This log contains over two years worth of accounting records from the national grid of the Czech republic, called MetaCentrum. It is a longer log from a later period compared to the original MetaCentrum log.

The MetaCentrum grid is composed of a varying number of clusters, each with several multiprocessor machines with multicore CPUs or GPUs. Importantly, the the scheduling system underwent a significant reconfiguration in the middle of this period, which is the subject of a paper based on this log.

For more information about the system, see URL http://metavo.metacentrum.cz/en/index.html.

The MetaCentrum workload log was graciously provided by Czech National Grid Infrastructure MetaCentrum. If you use this log in your work, please use a similar acknowledgment. It was made available via the web page of Dalibor Klusacek, which also includes data about the configuration, specifying 19 clusters with 495 nodes and 8412 cores in total (however, the log appears to contain some jobs that ran on additional clusters as well). To acknowledge Dalibor's work please consider citing the paper that introduced this log:

D. Klusacek, S. Toth, and G. Podolnikova, ``Real-life Experience with Major Reconfiguration of Job Scheduling System''. In Job Scheduling Strategies for Parallel Processing, May 2015.

Downloads:

METACENTRUM-2013-1.swf 72 MB gz original log in augmented SWF format as received
METACENTRUM-2013-3.swf 58 MB gz re-converted log
METACENTRUM-2013-2.swf 58 MB gz OLD VERSION of re-converted log (replaced 16 Sep 2015)
(May need to click with right mouse button to save to disk)

Papers Using this Log:

This log was used in the following papers:
[klusacek15]

System Environment

MetaCentrum is composed of up to around 30 Linux clusters, with different configurations.

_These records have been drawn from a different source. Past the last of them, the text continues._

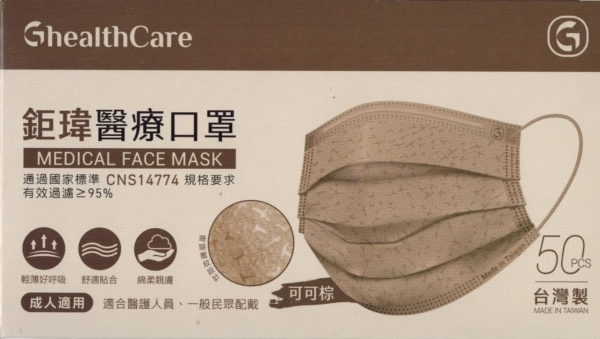 【鉅瑋Graminton】 成人 醫療口罩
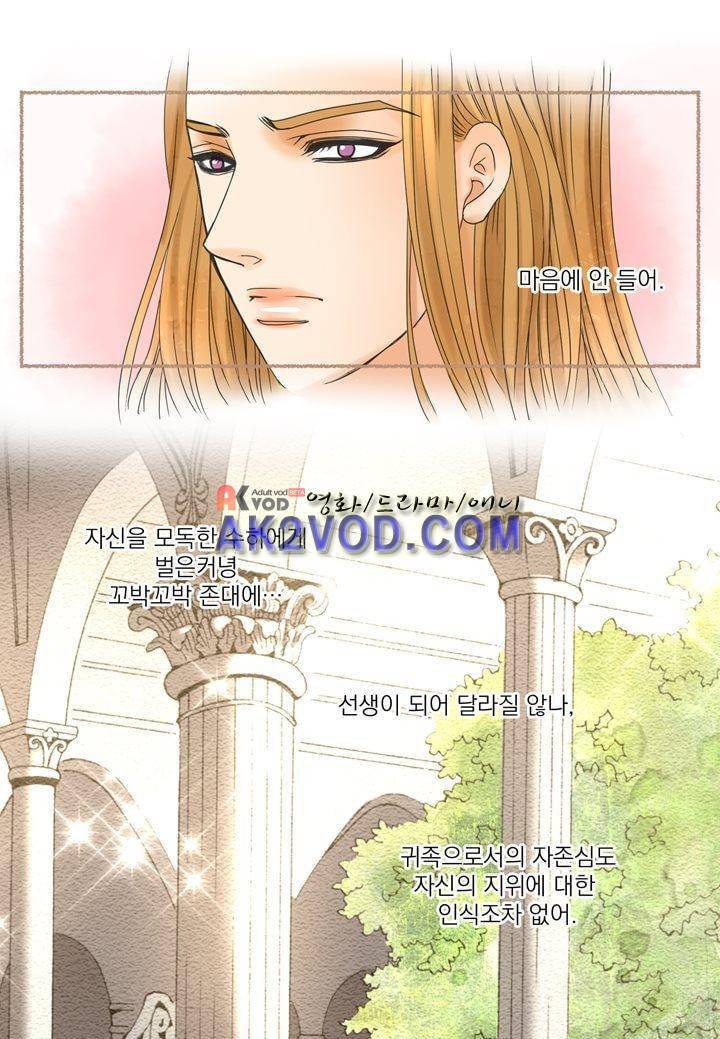 프린스 챠밍의 약혼자 15화 26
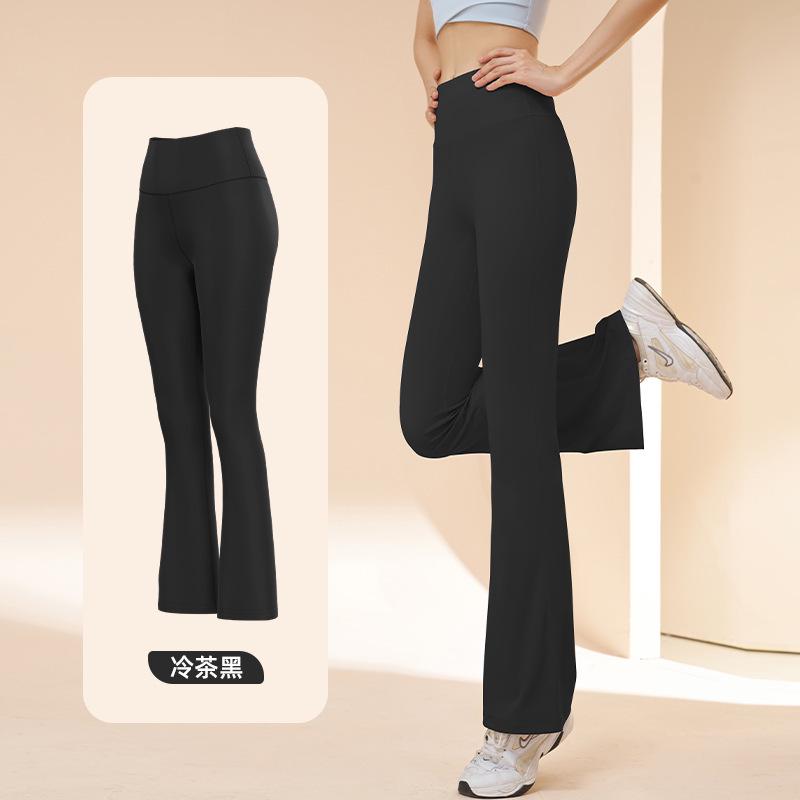2025 High Waist Seamless Nylon Yoga Pants: Wide Leg, Hip-Lifting, Tummy Control, Stretch Slimming for Women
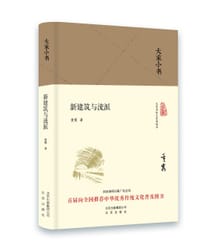 新建筑与流派 - 童雋
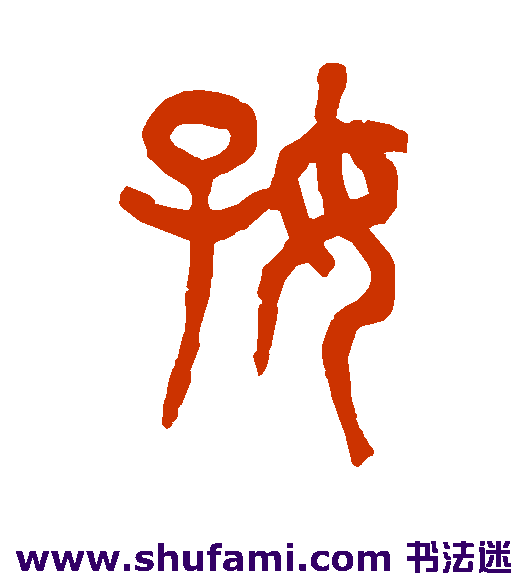 好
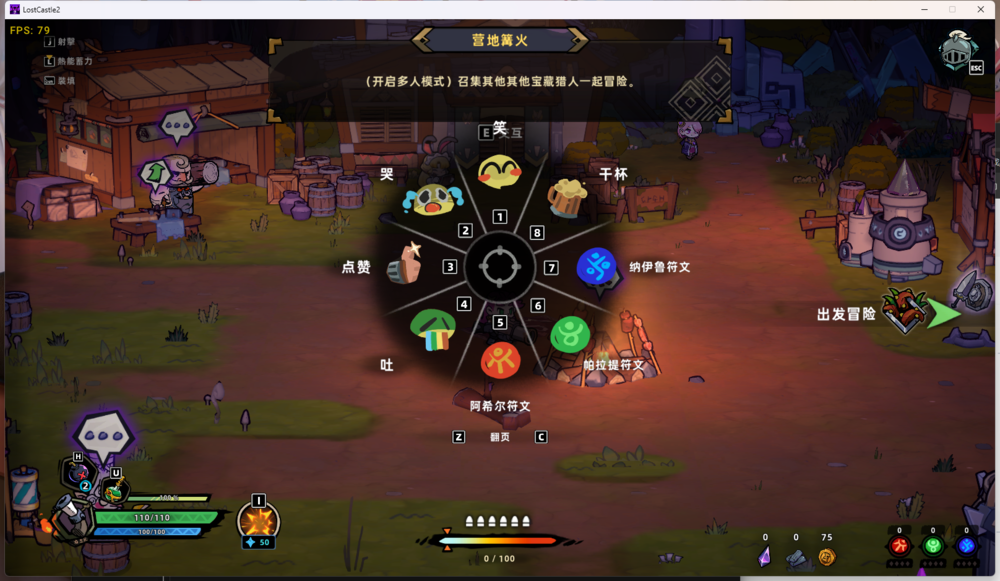 图片[2]-失落城堡2 LostCastle2-v0.7.1.4-破解版-影音屋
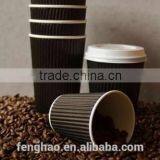 Ripple Wall Paper Cup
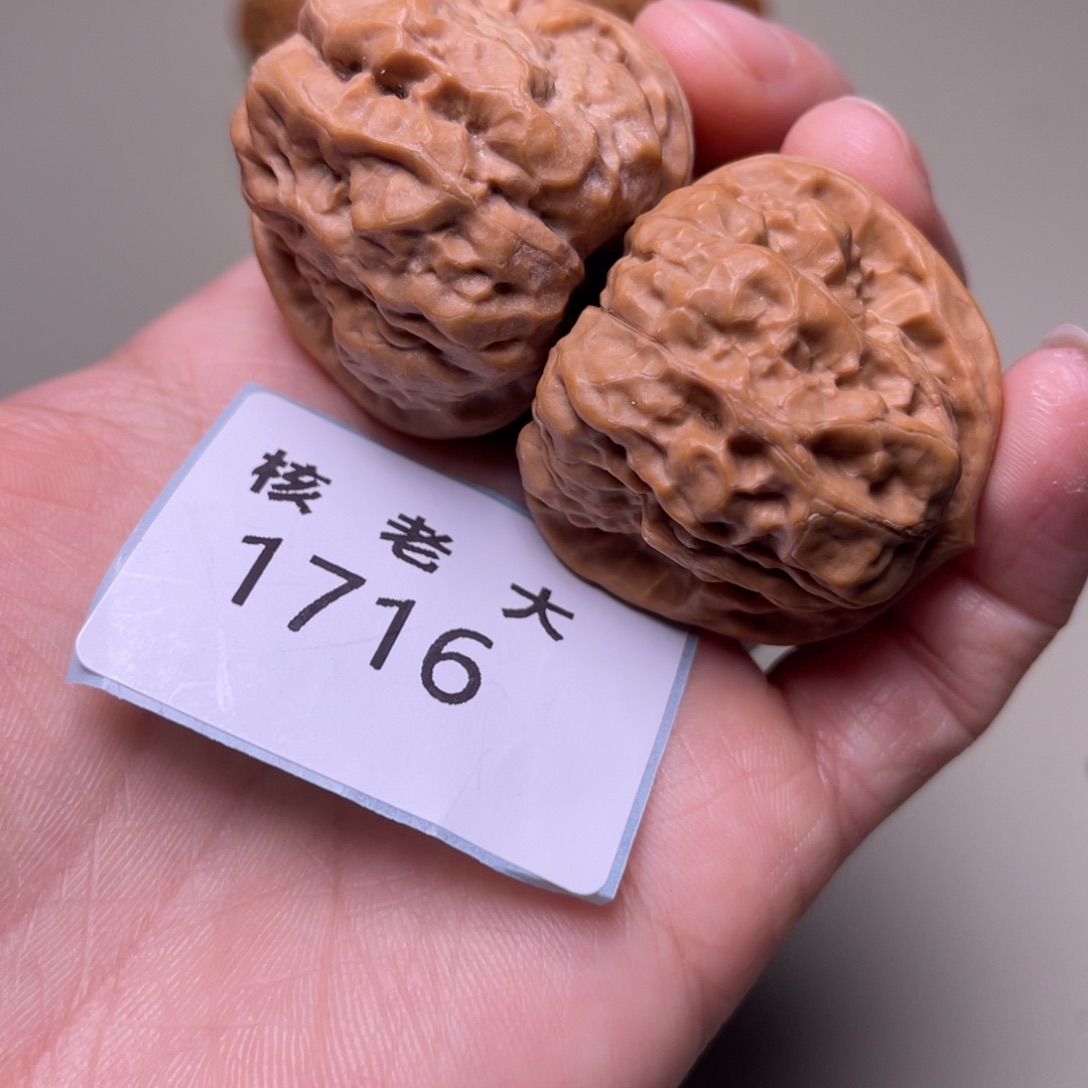 文玩核桃把件蛤蟆头36 1716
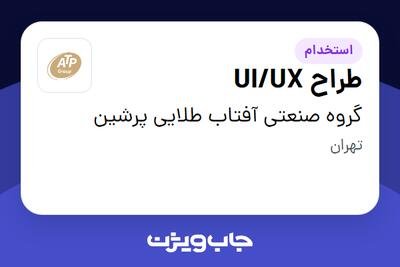 استخدام طراح UI/UX در گروه صنعتی آفتاب طلایی پرشین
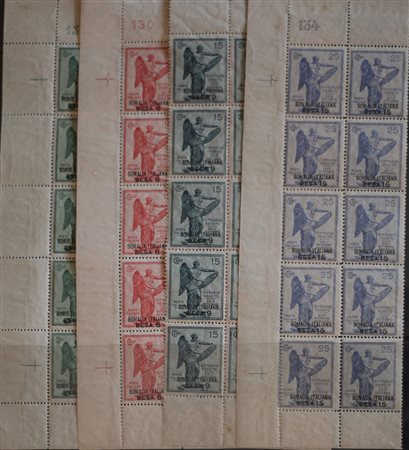 1922 Somalia num.30-33 in blocchi di 10 d'angolo senza linguella con...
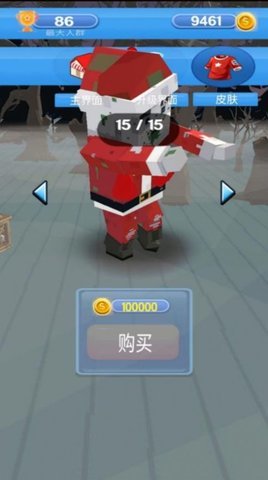 躺平发育生存派对最新版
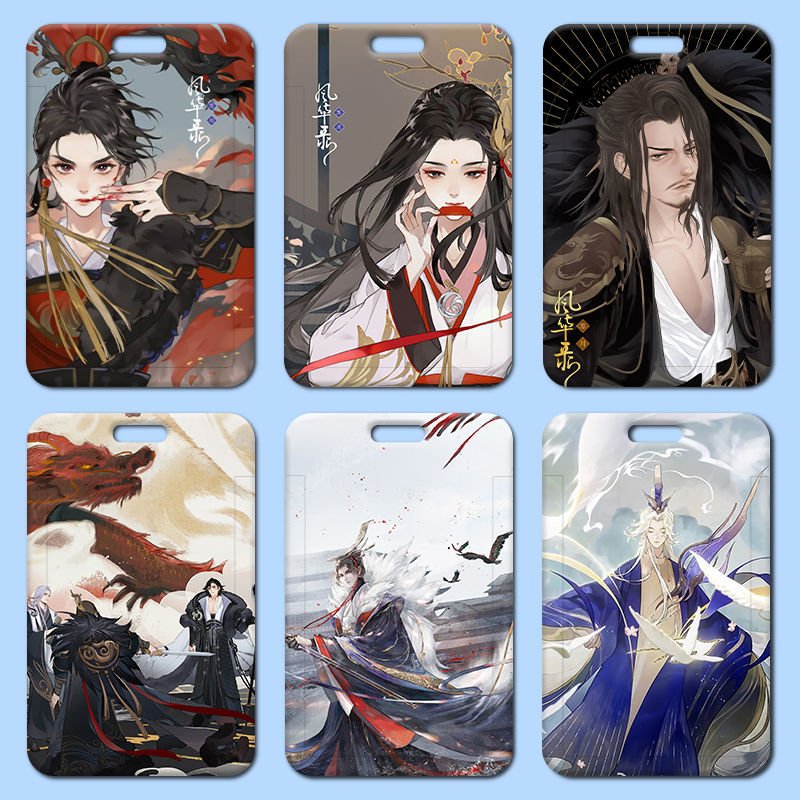 忘川风华录卡套校园卡学生饭卡门禁卡公交卡保护套身份证件硬卡套定制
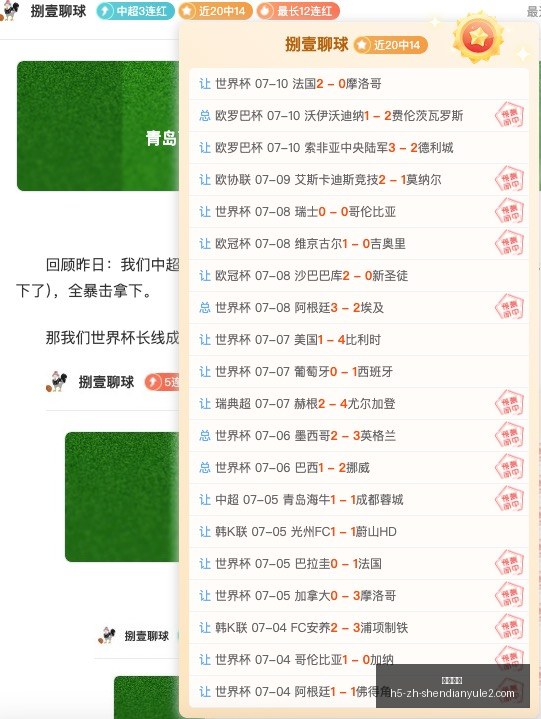 神殿娱乐,神殿娱乐官网,神殿娱乐App,神殿娱乐官网,神殿娱乐App,神殿娱乐互动,神殿娱乐平台,神殿娱乐中心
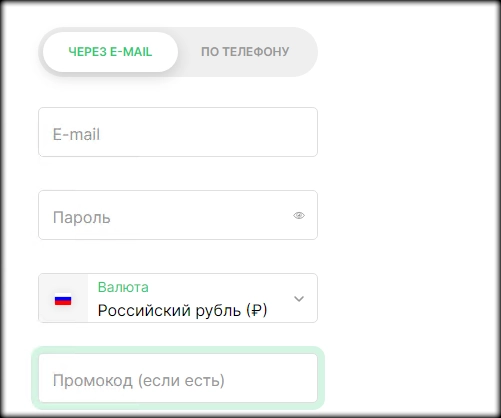 Регистрация по email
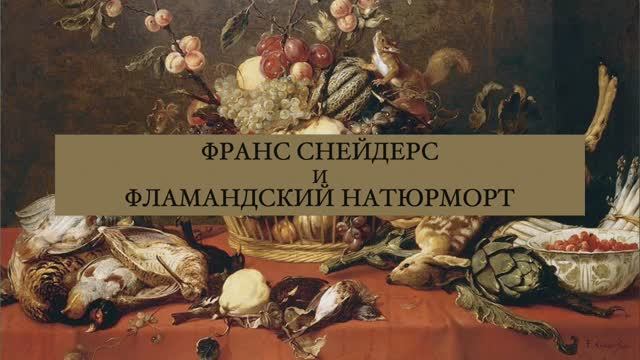 Франс Снейдерс и фламандский натюрморт смотреть онлайн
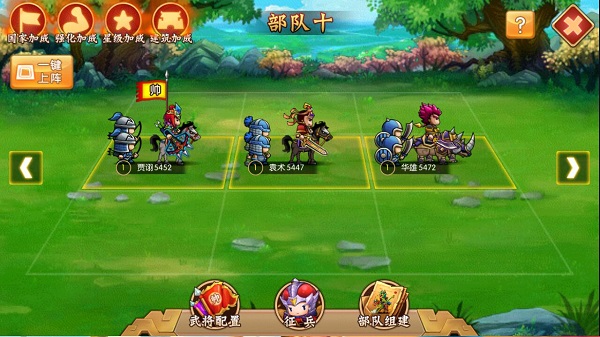 三国大领主手游vivo版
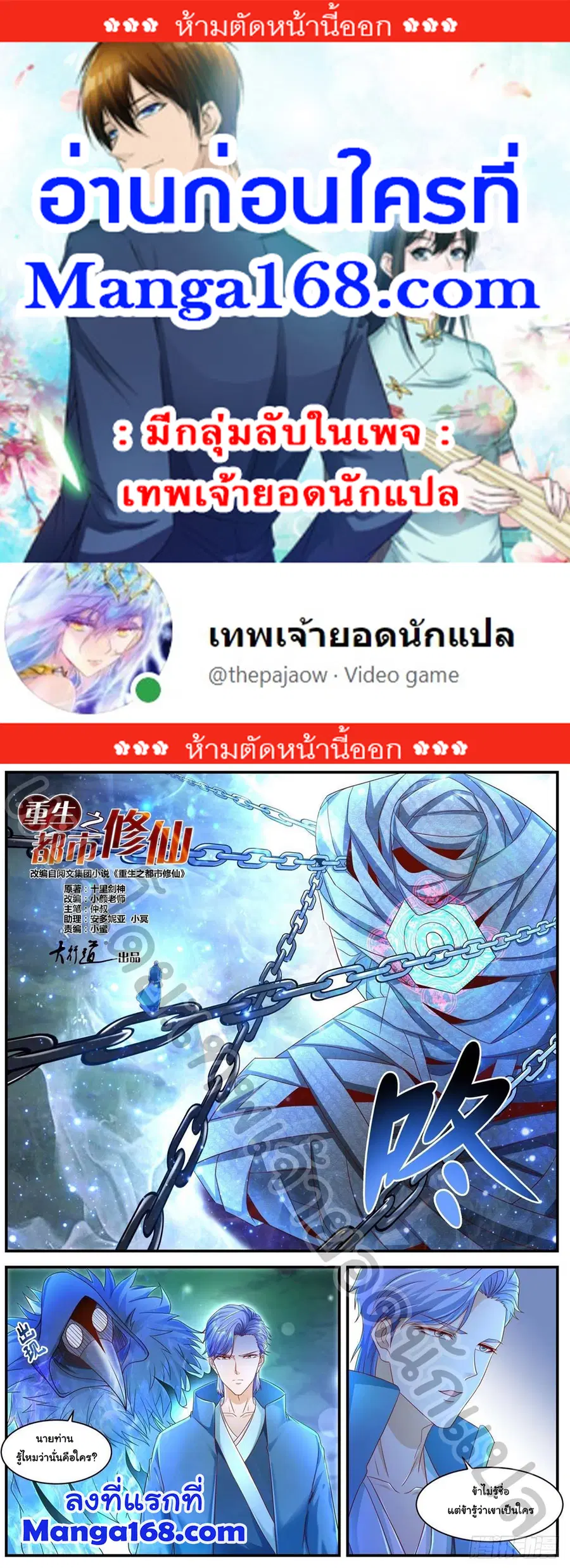 Rebirth Of The Urban Immortal Cultivator ตอนที่ 596 หน้า 1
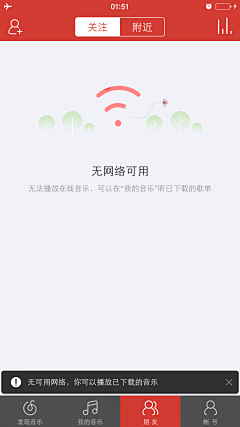 ~拜拜~采集到APP-空白页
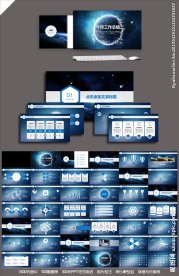 星空动态通用PPT模板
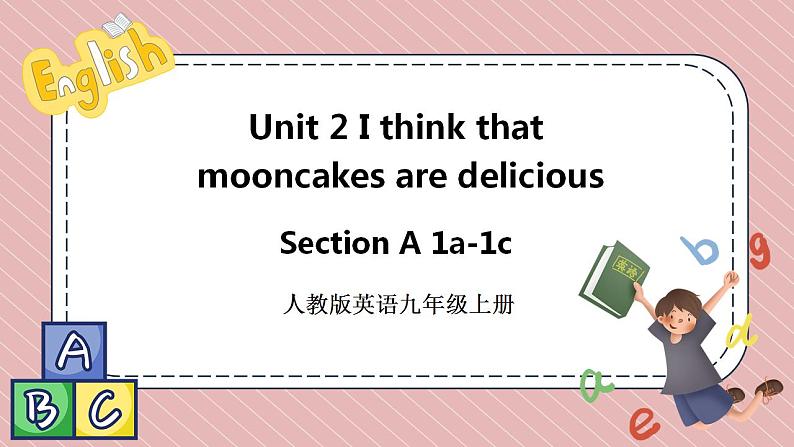 人教版英语九年级上册Unit 2  I think that mooncakes are delicious Section A 1a-1c课件+音视频01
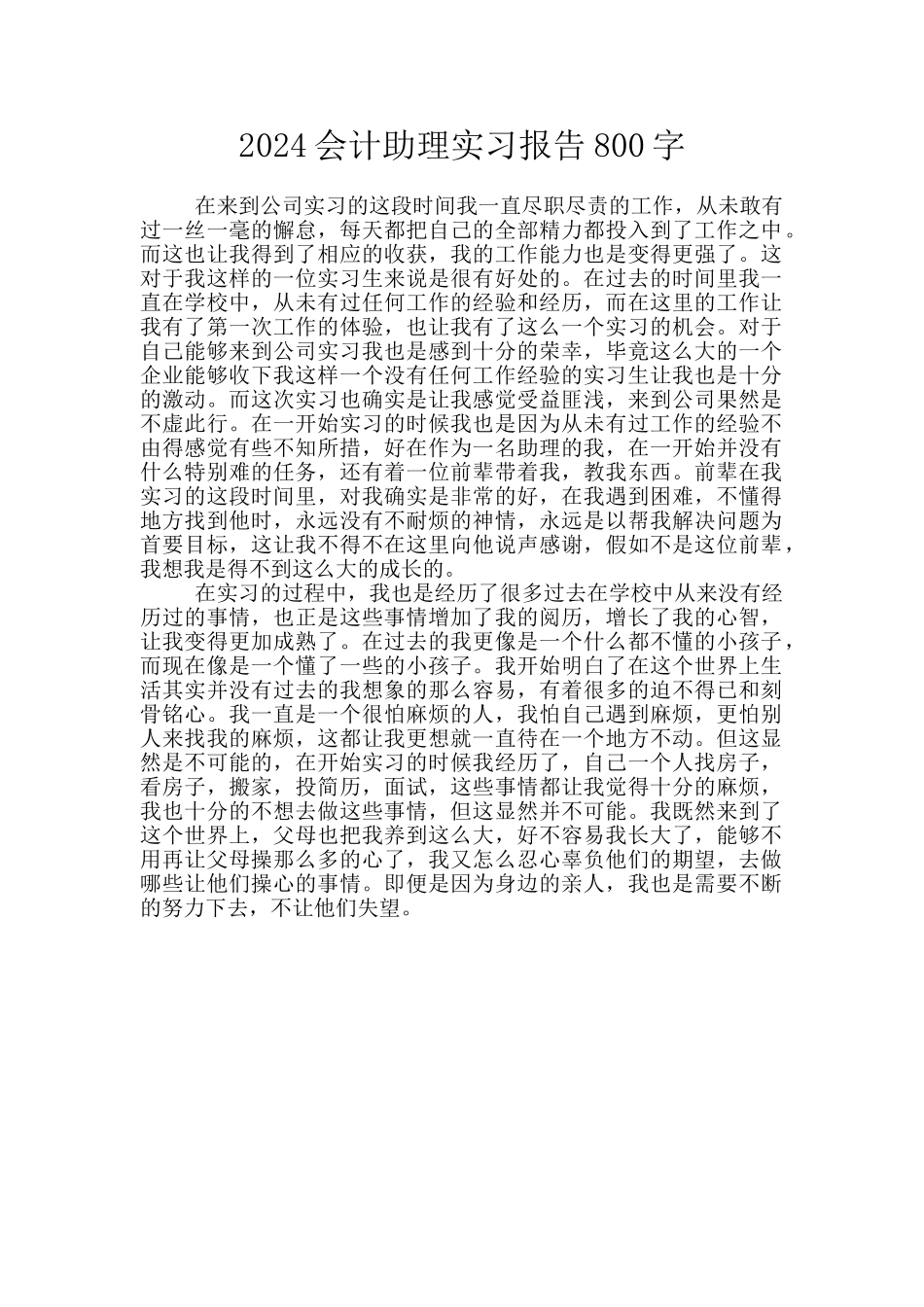 2024会计助理实习报告800字_第1页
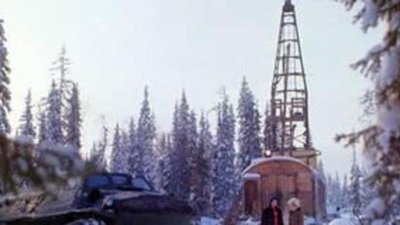 Золотоносные участки Россошинской готовят к изучению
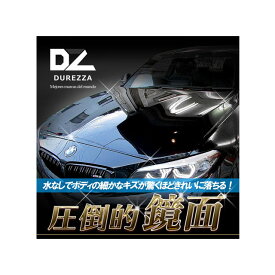 楽天市場 車 ガラス 傷消しの通販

Some were changed during the logging period.
no. Cluster From To NxC CoresMem/node (GB) GPUs/node
1 ajax.zcu.cz start end 1x8 8 72 -
2 alela.feec.vutbr.cz start 5-Oct-2013 12x8 96 32 -
3 doom.metacentrum.cz 30-Sep-2013 end 30x16 480 67 2xGPU
4 eru.ruk.cuni.cz start end 2x32 64 264 -
5 gram.zcu.cz start end 10x16 160 67 4xGPU
6 haldir.metacentrum.cz 2-Apr-2013 end 1x64 64 1040 -
7 hda.cerit-sc.cz (zapat) start end 112x16 1792 134 -
8 hdb.cerit-sc.cz (zigur) 22-Apr-2013 end 32x8 256 134 -
9 hdc.cerit-sc.cz (zegox) 22-Apr-2013 end 48x12 576 94 -
10 hermes.metacentrum.cz 19-Feb-2013 end 11x8 88 14 -
11a hildor.prf.jcu.cz start 11-Feb-2013 (renamed) 26x16 416 67 -
11b hildor.metacentrum.cz 11-Feb-2013 end 26x16 416 67 -
12 konos.fav.zcu.cz start end 9x12 108 24 2xGPU
13 losgar.ics.muni.cz start end 2x48 96 64 -
14 loslab.ics.muni.cz start end 14x12 168 12 -
15 luna.fzu.cz start end 47x16 752 96 -
16 mandos.ics.muni.cz start end 14x64 896 264 -
17 manegrot.ics.muni.cz 16-Dec-2014 end 4x32 128 512 -
18 manwe.ics.muni.cz start end 7x16 112 66 -
19 minos.zcu.cz start end 49x12 588 20 -
20 mudrc.metacentrum.cz 17-May-2014 end 12x4 48 3 -
21 nympha.zcu.cz start end 19x8 152 14 -
22a perian1-20.ncbr.muni.cz start 29-May-2014 20x8 160 25 -
22b perian21-40.ncbr.muni.cz start end 20x8 160 25 -
22c perian41-56.ncbr.muni.cz start end 16x12 192 50 -
23 quark.video.muni.cz start end 3x8 24 18 -
24 ramdal.ics.muni.cz start end 1x32 32 1058 -
25 skirit.ics.muni.cz start 5-Oct-2013 28x4 112 3 -
26 tarkil.cesnet.cz start end 28x8 224 22 -
27 ungu.cerit-sc.cz 12-Dec-2013 end 1x288 288 6144 -
28 urga.cerit-sc.cz 19-Nov-2014 end 1x384 384 6144 -
29a zewura.cerit-sc.cz start 12-Nov-2014 (split) 20x80 1600 512 -
29b zewura.cerit-sc.cz 12-Nov-2014 end 8x80 640 512 -
30 zebra.cerit-sc.cz 12-Nov-2014 end 12x80 960 512 -
31 zorg.cerit-sc.cz 11-Dec-2014 end 4x10 40 1536 -
32 kalpa.fzu.cz 6-Nov-2013 end 2x24 48 256 -
The notation NxC means N nodes with C cores each; Cores is the total cores.

Jobs could run on processors from more than one cluster. While relatively rare, this did happen for 7011 jobs in the log.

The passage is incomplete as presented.